Frequently asked questions

What is the most popular window type?

The double-hung is the most popular window type in DC, Maryland, and Virginia, because it fits the colonial, row-house, and Cape Cod styles that dominate the region. Both sashes slide and tilt in for cleaning, screens stay inside, and the proportions match traditional facades. Casement is the most popular second choice, especially for kitchens.

Which window type is most energy efficient?

Casement windows generally seal tightest because the sash compresses against the frame when you crank it shut, where sliding types like double-hung and sliding windows rely on a looser sliding fit. For maximum efficiency, the glass package (Low-E coating and argon fill) matters as much as the type.
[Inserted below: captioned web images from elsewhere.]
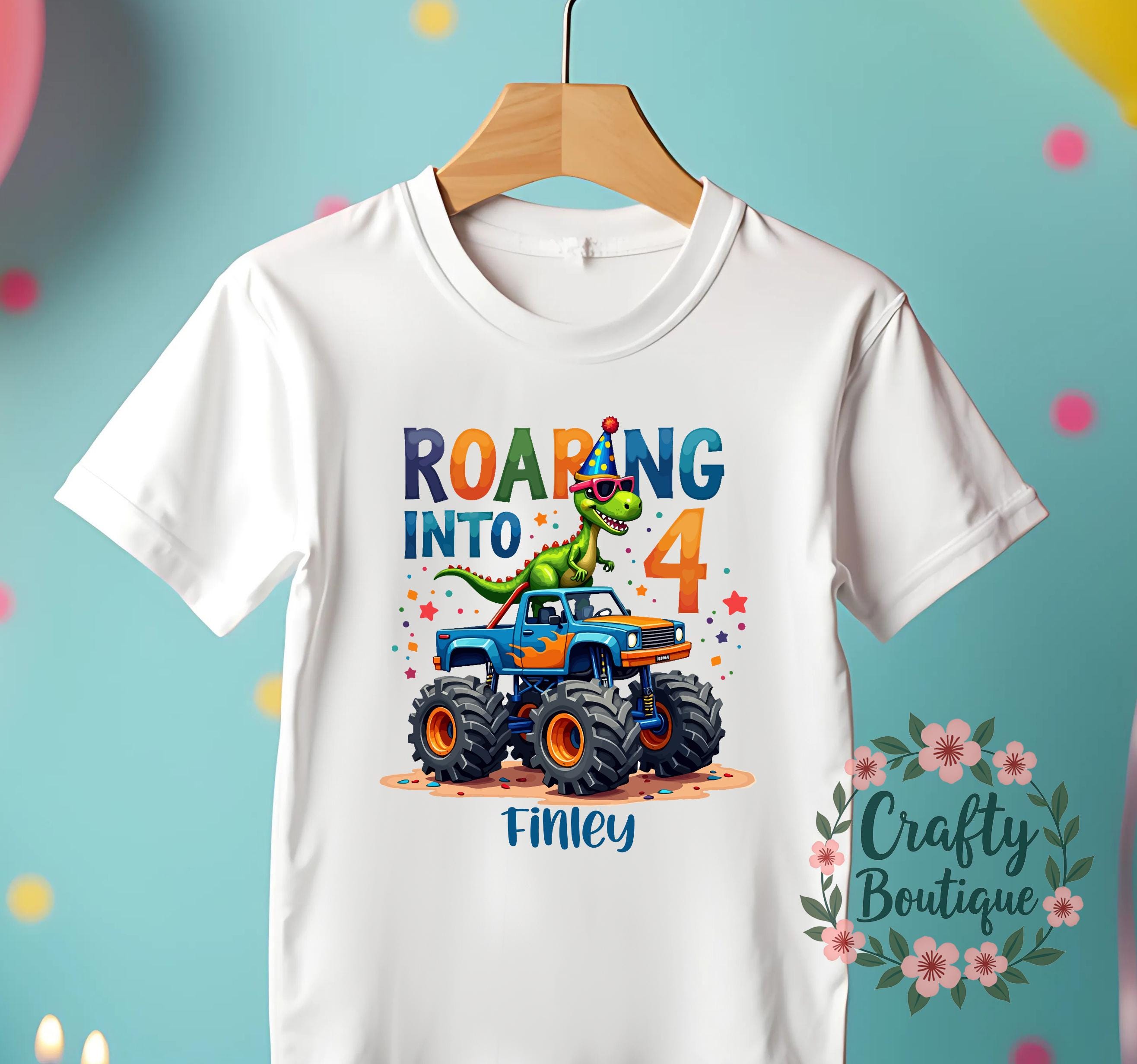 4th Birthday T shirt, Roaring Into 4, Personalised Birthday Gift, 4 Year Old Dinosaur Tee, Boys Party T Shirt, I am Four Outfit   1346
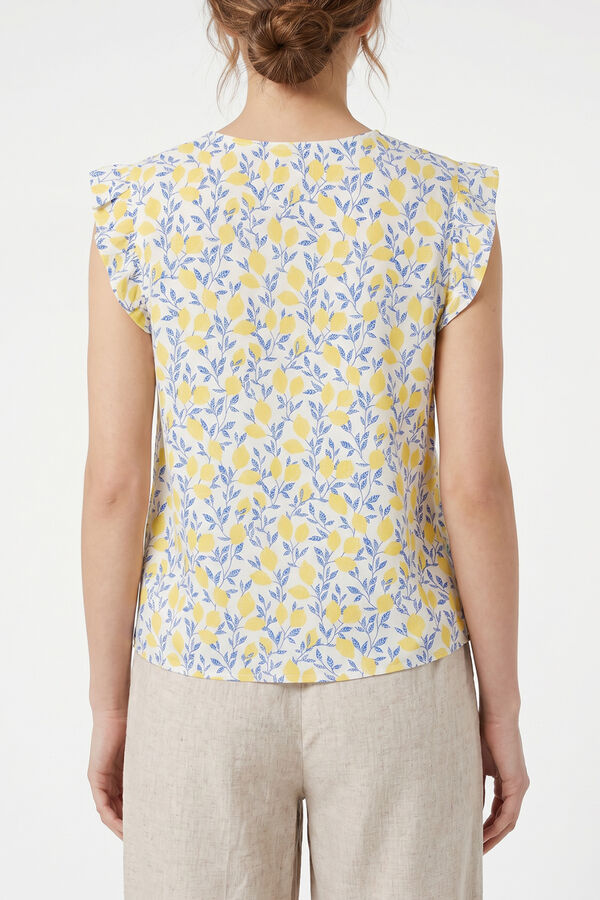 Pieces Top fluido estampado sin mangas blanco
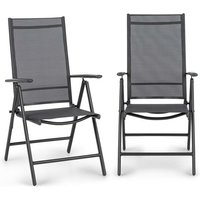 Blum - feldt Almeria Klappstuhl 2er-Set 59,5 x 107 x 68 cm ComfortMesh Aluminium Anthrazit von BLUM
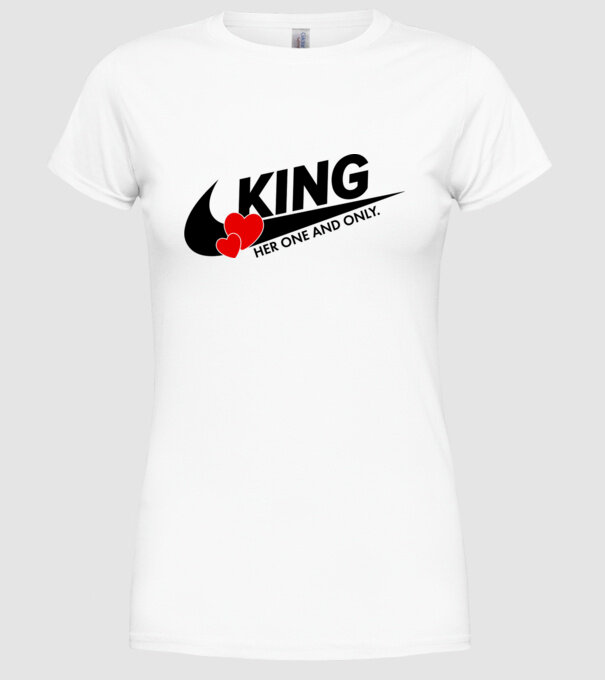 King model alb pe tricou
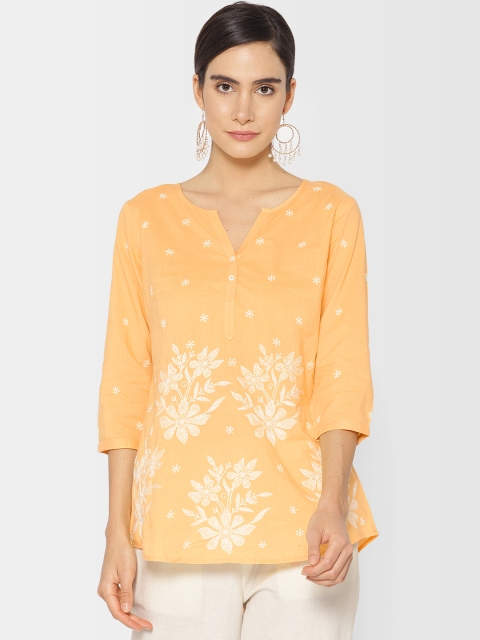 

Fabindia Women Yellow Chikankari Embroidered A-Line Kurti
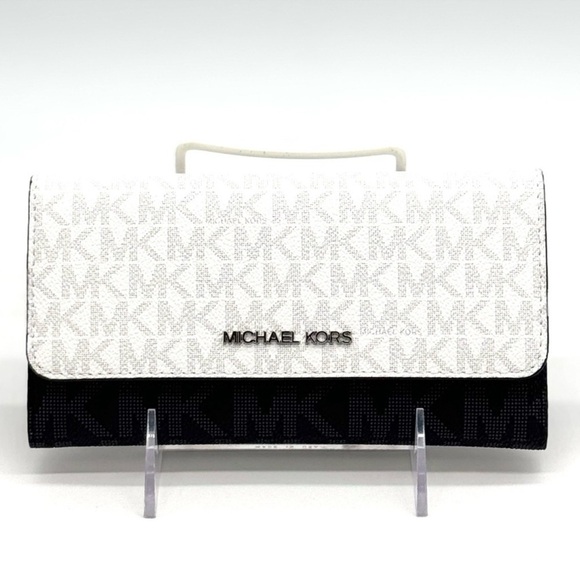 Michael Kors Jet Set Large Signature Logo TriFold Wallet Optic White Multi - Picture 2 of 10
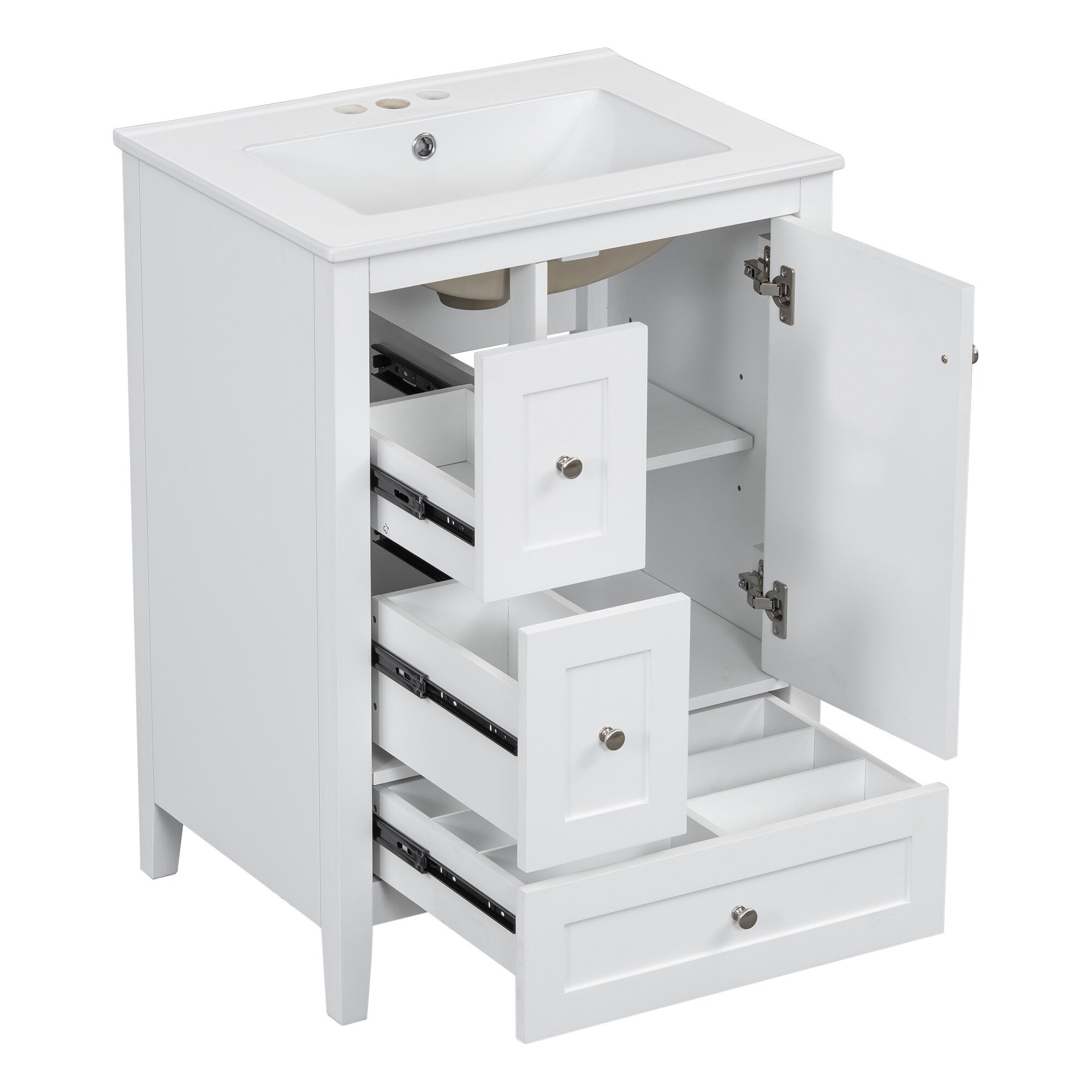 24 Inch Bathroom Vanity with Storage - Adjustable Shelf & Removable Dividers, MDF & Rubberwood Construction, Dark Green Finish for Modern Bathroom Decor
Ask Zig which glass package fits Zone 4 if you're unsure.

What window type is best for a kitchen over the sink?

A casement is almost always best over a kitchen sink. You turn a crank instead of reaching across the counter to lift a heavy sash, and it opens fully for ventilation while you cook. The exception is a window that opens onto a deck or walkway, where an outward-swinging sash is a hazard and a sliding window is safer.

What window type do I need for a basement bedroom?

A basement bedroom needs an egress window, typically a large casement or a sliding window in a proper egress well, sized to the IRC minimum 5.7-square-foot clear opening. A standard awning or small fixed window will not pass inspection. Confirm the exact requirement with your Maryland or Virginia county before you choose.

How do I choose between a double-hung and a casement?

Choose by reach and style. Over a sink, counter, or tub, the crank-out casement wins because you don't have to lean across to open it. On a traditional row house or colonial facade, the double-hung keeps the look right and has no crank to wear out. If neither constraint applies, the casement seals tighter and the double-hung is easier to match across a whole house.

What window type is best for a DC row house?

A DC row house almost always wants double-hung windows, because the tall, narrow proportions are original to these homes. Inside a historic district, the Historic Preservation Office usually requires you to match the original profile and generally won't approve vinyl, which can push you toward fiberglass or wood-clad double-hungs. Confirm what the HPO allows before choosing.

Are bay and bow windows worth the extra cost?

Bay and bow windows cost meaningfully more than a flat picture-plus-flankers layout and are billed as their own line item, but they add curb appeal, interior space, and resale value on the right facade, such as colonials, Victorians, and larger fronts. On a plain wall or a budget project, a picture window flanked by operating windows delivers most of the light for far less.